The researchers tested the cytotoxicity and antimicrobial activity of the three compounds. Results showed that cryptoic acid A (1) and B (2) exhibited moderate cytotoxicity against P388 murine leukemia cells, with IC50 values of 27 μM and 29 μM, respectively, while cyclocryptamide (3) showed no cytotoxicity even at 100 μM. Additionally, compounds 1 and 2 showed no antimicrobial activity at 200 μg/mL against various microorganisms, including Gram-positive bacteria, Gram-negative bacteria, yeast, and fungi. However, compounds 1 and 2 demonstrated peroxisome proliferator-activated receptor γ (PPARγ) agonistic activity in the concentration range of 6.25-100 μM.

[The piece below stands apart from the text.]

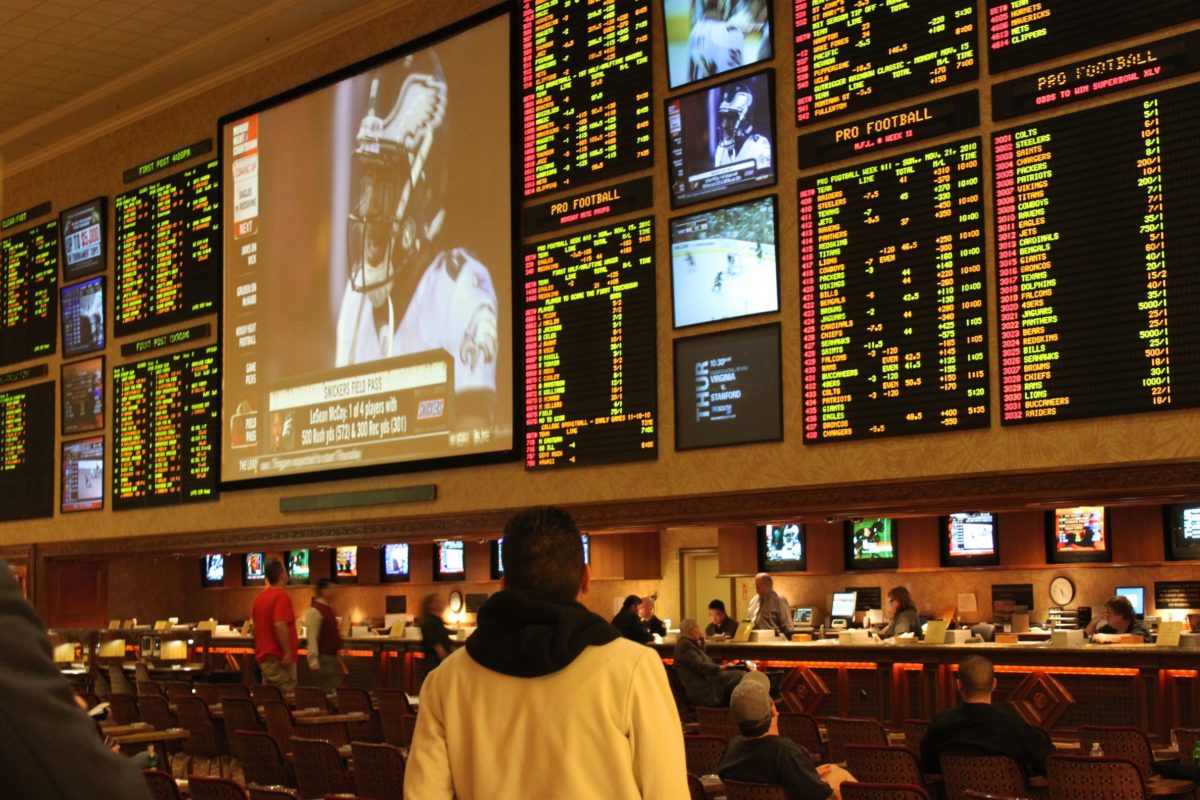 A photo of a person standing in front of an odds board at a race and sports gambling book in Las Vegas.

Conclusions and Significance

This study isolated two novel benzene-containing polyketides and a new acylated diketopiperazine from Cryptosporangium sp. YDKA-T02, providing detailed insights into their structures and biological activities. The PPARγ agonistic activity of cryptoic acids A and B offers potential candidates for the development of new drugs targeting metabolic diseases. Additionally, the structural novelty of cyclocryptamide provides new perspectives for the biosynthesis of diketopiperazine derivatives.

Research Highlights

1. Novelty: This study is the first to isolate benzene-containing polyketides and acylated diketopiperazines from the genus Cryptosporangium, enriching the chemical diversity of natural products.
2. Biological Activity: The PPARγ agonistic activity of cryptoic acids A and B opens new avenues for research into metabolic disease treatments.
3. Methodological Innovation: The study employed advanced separation and structural identification techniques, such as HR-ESI-QTOF-MS and 2D NMR, providing reliable technical support for natural product research.

Additional Valuable Information

This study further supports the potential of understudied actinomycete genera as sources of novel secondary metabolites, offering new directions for natural product-based drug discovery. Additionally, the exploration of compound biosynthetic pathways provides an important theoretical foundation for future related research.